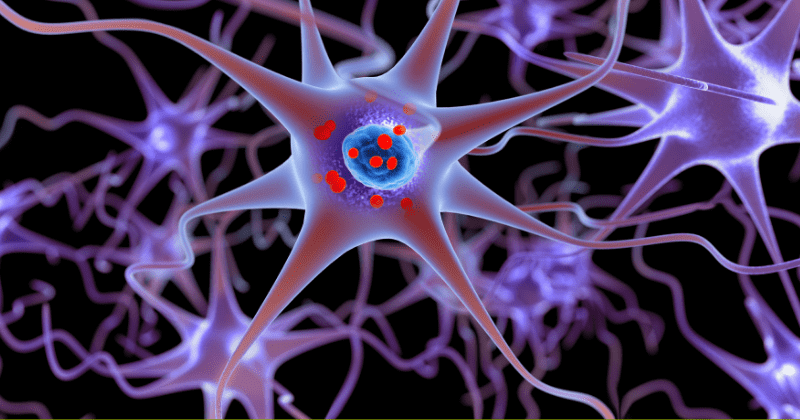 Mouse model reveals Parkinson’s disease begins in gut and travels up neurons to brain: Study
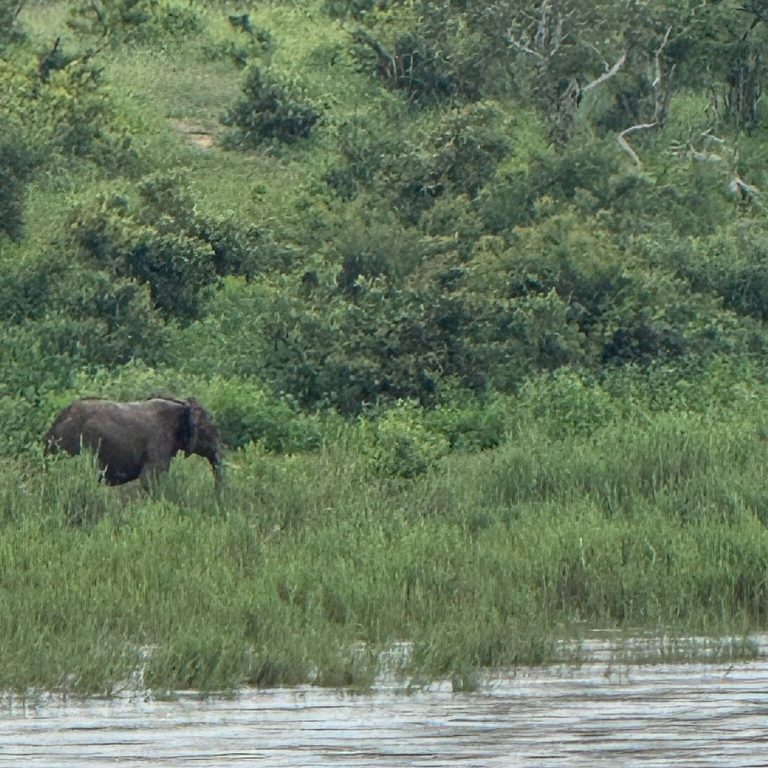 Lower Sabie Rest Camp
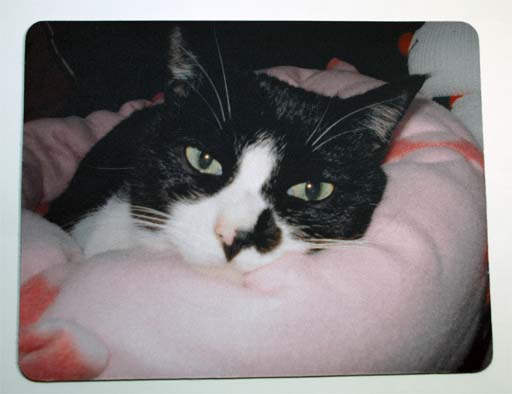 p-pad-01-cat 投稿写真から作ったマウスパッドの一例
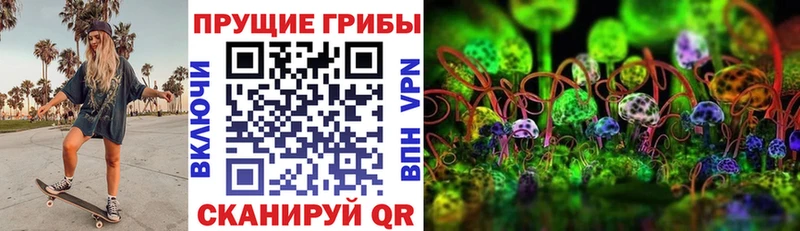 где купить наркоту  kraken как зайти  Галлюциногенные грибы Psilocybine cubensis  Баймак 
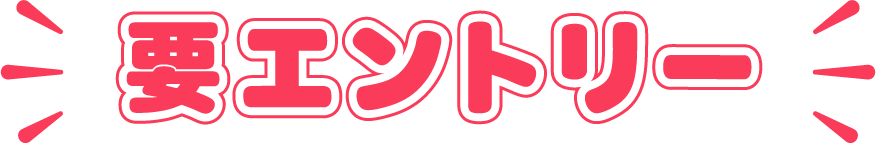 要エントリー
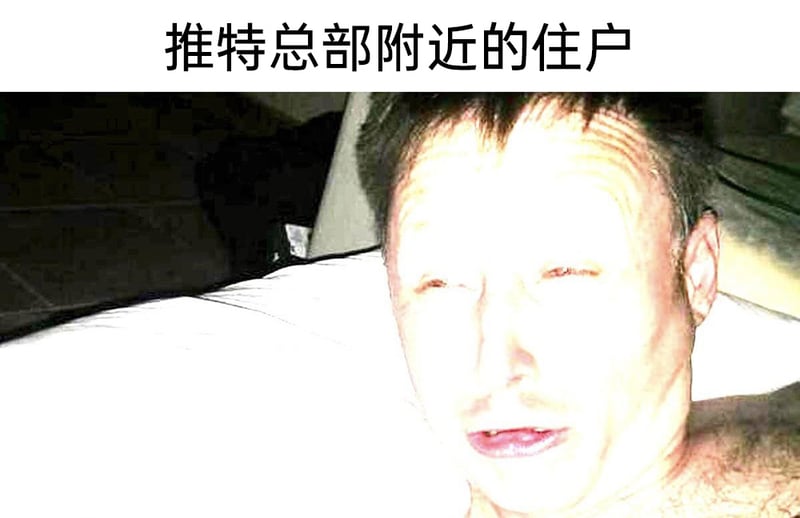 企业家，X平台（原推特）的所有者
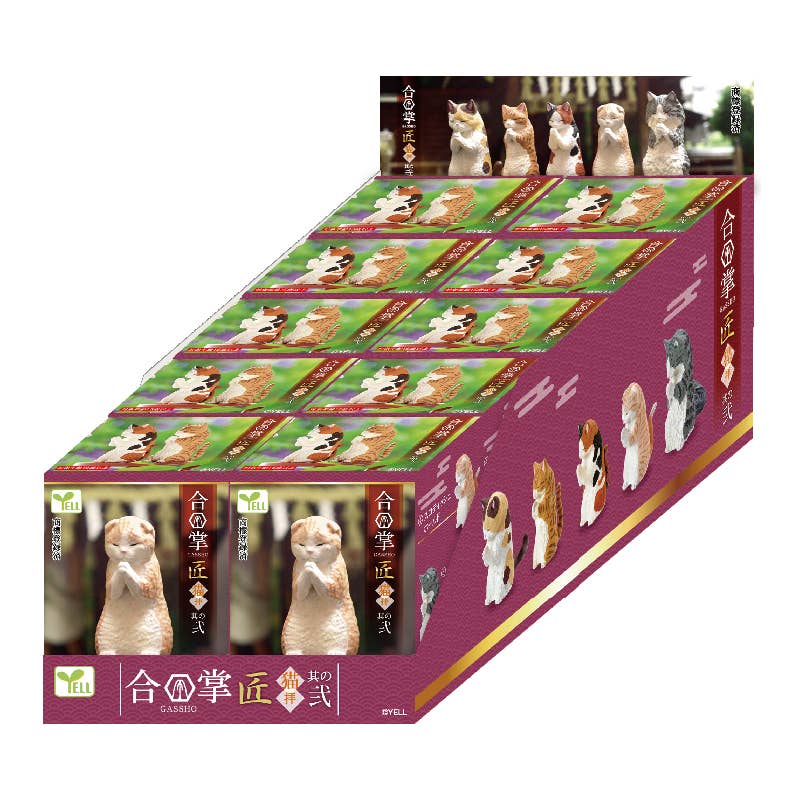 Surprise Box - Prayer Cat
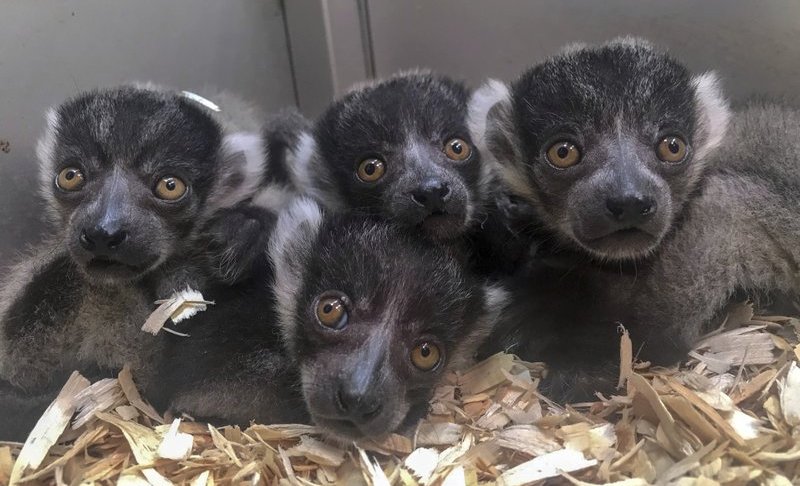 In this Monday, May 27, 2019 photo made available by the Jacksonville Zoo and Gardens, Fla., four black and white baby ruffed lemurs peek out of their next box. Lemurs are a critically endangered species from Madagascar. (Lynde Nunn/Jacksonville Zoo and Gardens via AP)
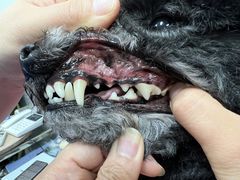 -宠福鑫康馨动物医院·骨科·眼科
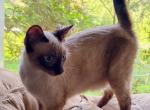 Making a Splash - Siamese Kitten For Sale - 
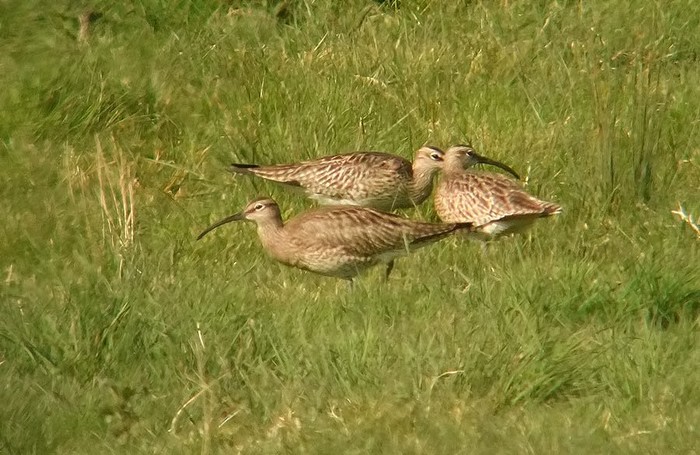 Whimbrel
▬▬▬
» Problem statement:
The expected output is exactly the lines from the one containing "-宠福鑫康馨动物医院·骨科·眼科" through the last line of the listing, both included, with every picture left out.

» Response below:
 -宠福鑫康馨动物医院·骨科·眼科
 Making a Splash - Siamese Kitten For Sale - 
 Whimbrel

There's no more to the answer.